# Ready for another? Chicken Pot Fattie Pie!!! Q-view



## forluvofsmoke (Jun 24, 2009)

I'm having so much fun smoking lately that I decided to kick things up a bit. And, hey, we get to eat what I like doing!!!!!!!!!

I knew by about 10:00 AM today that I would be off work early enough to do a shorter smoke...but, what shall I smoke?

Today was a toss up...1 huge or 2 small fatties...no wait, maybe....YEAH....lets do another pie!!!!!

The chicken used for this is from a whole bird I smoked 2 days ago...so I'm gonna kill a little bit of leftovers tonight 
	

	
	
		
		



		
			






. The sausage was thawed yesterday, and I didn't use it up...glad I didn't...now I get to do another pie! 
	

	
	
		
		



		
		
	


	





This is a layered pie instead of having mixed ingredients, so it should be pretty interesting when it goes under the knife.

Ingredients:










Steamed Rice is in the covered pot:





Starting the Bacon Weave:





Rendering the bacon down some with the best grill press I could come up with:










Starting to layer in the fillings:















Ready to slap on a cover:





Cross your fingers....





Another successful pan and poly wrap pull:





The bacon weave, not perfect, but it'll work:





Just into the Smoke Vault on the top reack for the highest heat, with 3 small chunks of Mesquite @ 210*:





Thermo probe on the left side of the rack next to the beast:






Along with a couple of half slabs of spares to reheat, and a slew of oven therms.
These were frozen for a month and the thaw started 2 days ago in the refer.





I'm still watching rack temp VERY CLOSELY, as I haven't yet identified the problem with hot/cool spots yet. I did open the lower left vent all the way, as that side was running about 75-100* hotter, and that evened it out from left to center. Now the right side is a bit on the cool side. At least I got it to head in the right direction.

I added 3 more small chunks and bumped the temp up to 275 after the first 50 minutes.

It should be just about time to stab a probe in and start monitoring I/T now...been in over 1-1/4 hours.

Back with the rest when I have more to post...time to check out the smoke!

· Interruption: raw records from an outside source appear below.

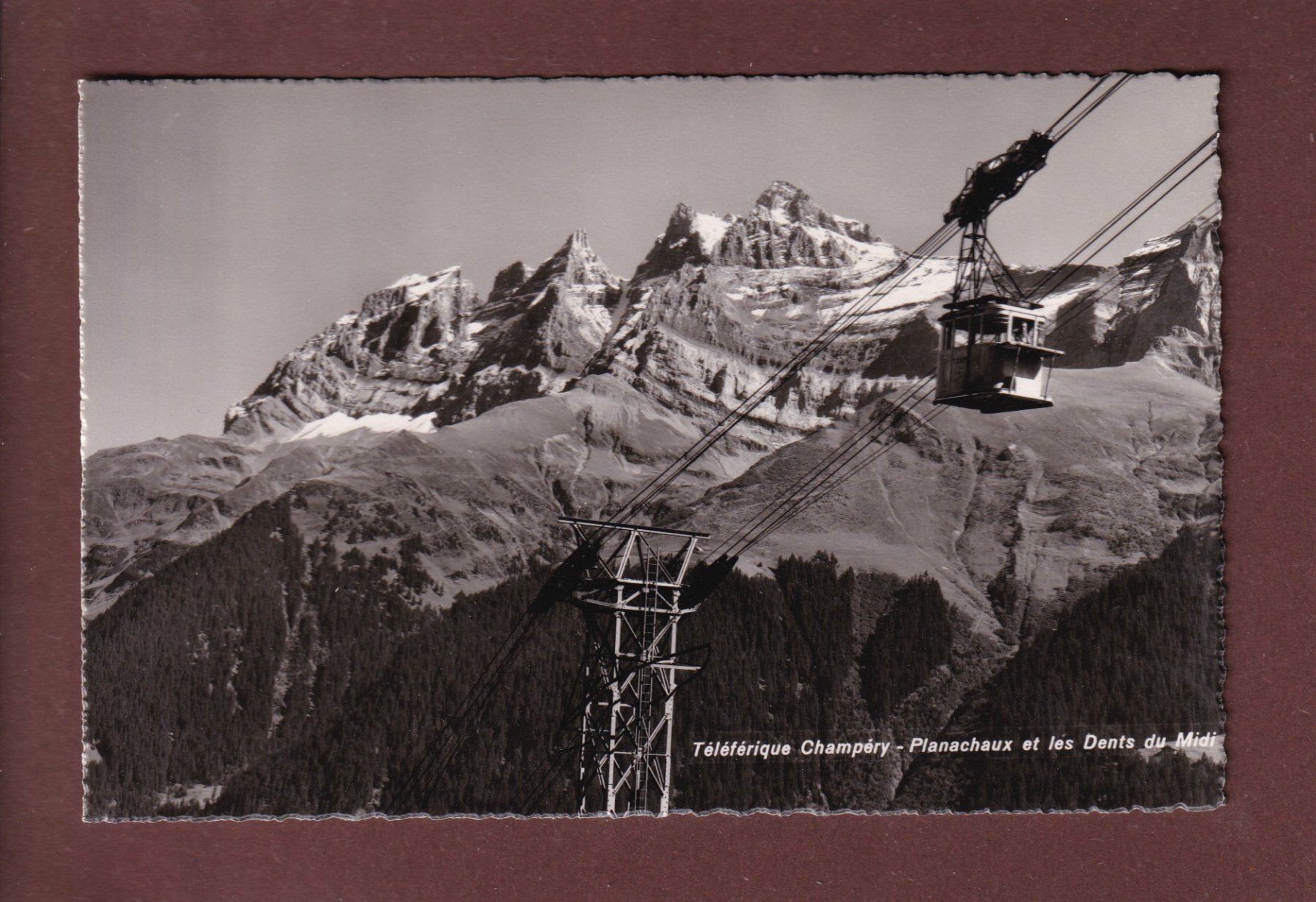 Cartoline postali: Téléférique CHAMPERY-PLANACHAUX - Dents du Midi – Usato da Pully venduto da nicecards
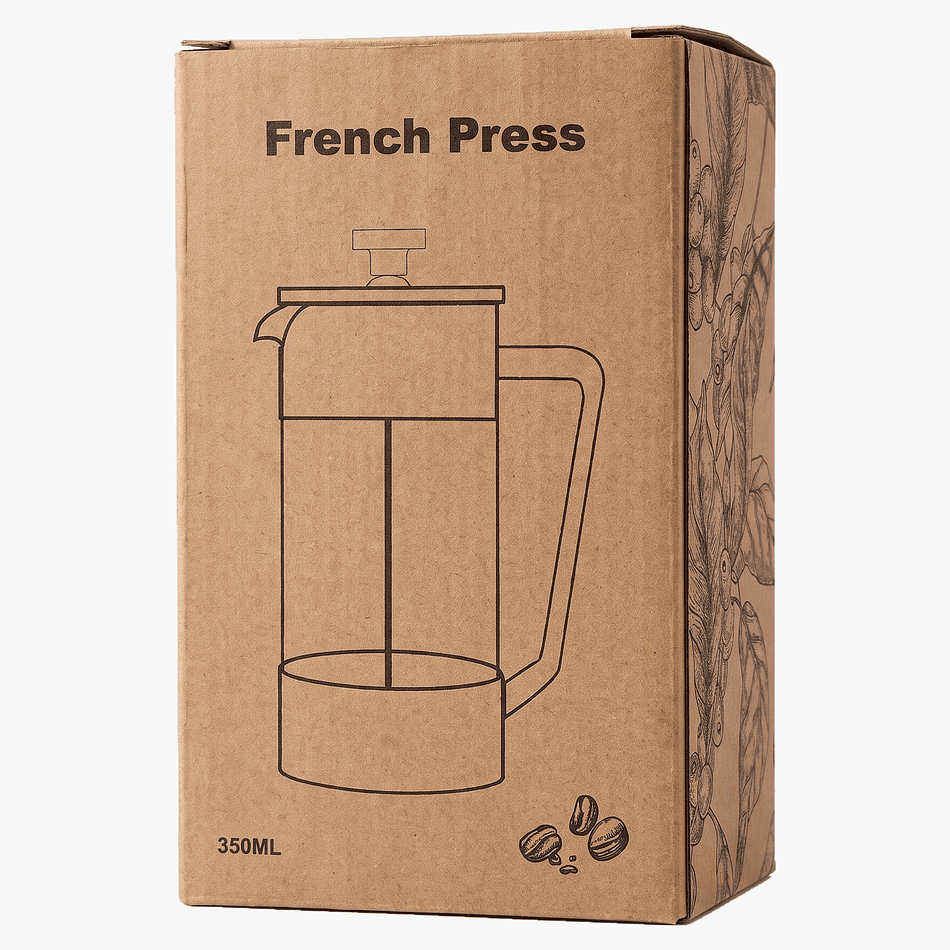 French Press Coffee Maker Bundle, 350ml (3 Cup) + Fresh Roasted Coffee Beans, 10oz Bag, Gift Set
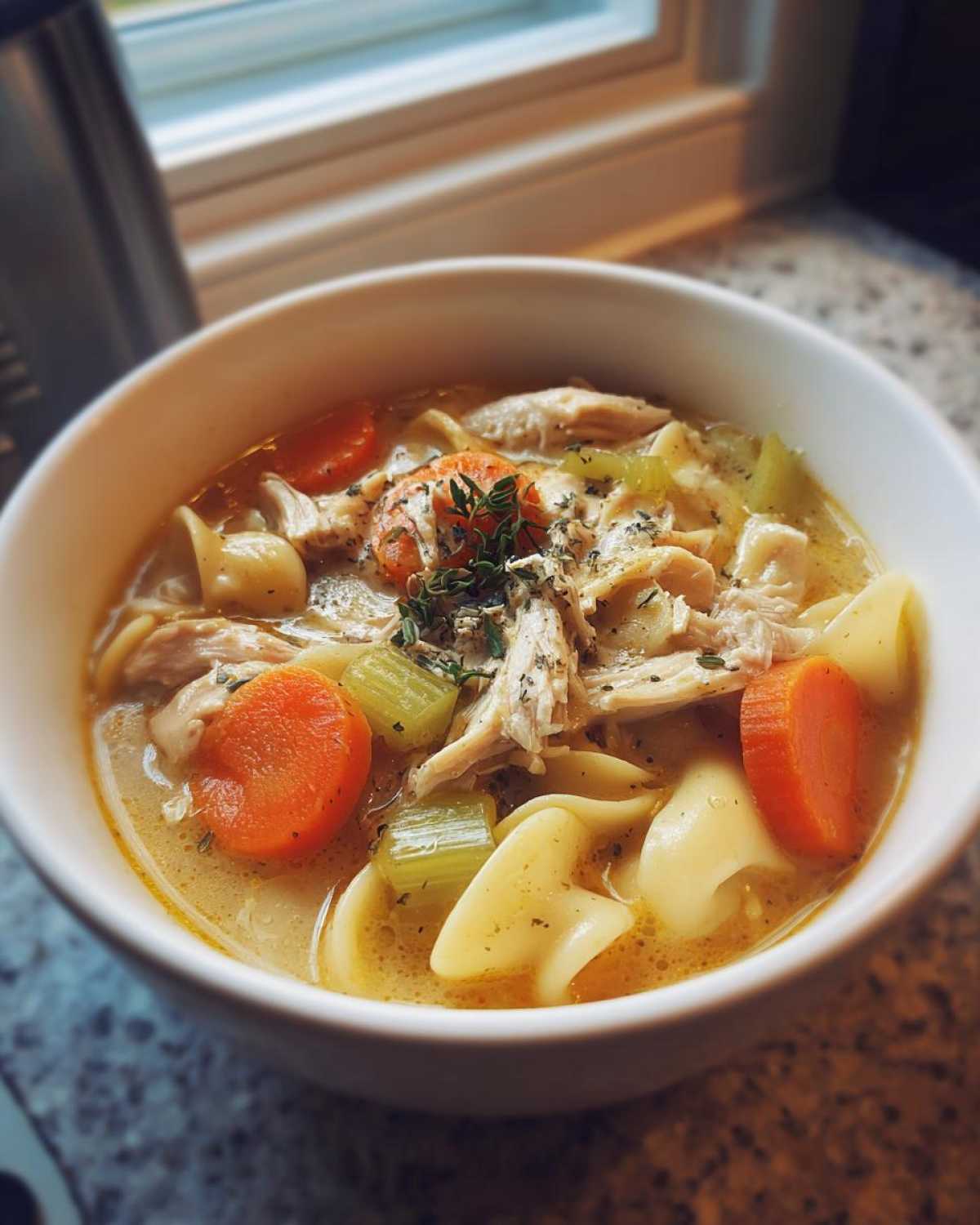 A close-up of a bowl of creamy chicken pasta soup with noodles, shredded chicken, carrots, and celery.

Thanks for havin' a peek at my Q!

Eric


----------



## the dude abides (Jun 24, 2009)

Looking good Eric.


----------



## forluvofsmoke (Jun 24, 2009)

Just got a probe in after taking these:










So far, so good!

Thanks!

Eric


----------



## irishteabear (Jun 24, 2009)

Nice idea.  Interested in seeing how it turns out and the taste test results.


----------



## bmudd14474 (Jun 24, 2009)

nice Idea there.


----------



## old poi dog (Jun 24, 2009)

Eric,
Inquiring minds want to know.
Is that how you arrange your guages to get a reading across the grate?  Would you take readings at each grate level?  Thank you sir!


----------



## forluvofsmoke (Jun 24, 2009)

Yeah, OPD...I did it this way tonight while I was smoking to try and see where my temp differentials are. I did some tweeking on the lower intakes to see what changes, while I try to get a mental picture of what could be going on inside. Seems like possibly a rolling/turbulence of gas flows through the chamber in certain areas, hard to peg it down...hard to explain, but it is a strange situation that I've never experienced with the small GOSM.

Eric


----------



## fire it up (Jun 24, 2009)

Wow, another fine meal.  And what a meal!  Nice work.
I have to admit I thought something a bit different when I read chicken pot fattie pie...


----------



## forluvofsmoke (Jun 24, 2009)

I had a few temp swings midway through the smoke and I decided to bump it up to 300* on the rack, 'cause it's late and the crew was getting anxious and hungry.

Pulled @ 170* I/T:





Uh-oh..........I think...nope....I know, the pie got married to the grate:





Sure did:





Wheeeeeeeeew! I came way too close to tearing that beauty apart.
I had to push the meat back through from the bottom of the grate to get them un-hitched:





Almost time to go under the knife:





The first slice, within about 6 or 7 minutes after pulling from the smoker:





I used a serrated knife to break through the crust of the bacon...nice and crispy:



































Well, that was a delicious meal! Texture, moisture, flavor....all very near perfection. Nice & thin sausage crust with no leakage...almost too thin for the gap on the grates, but it worked out OK.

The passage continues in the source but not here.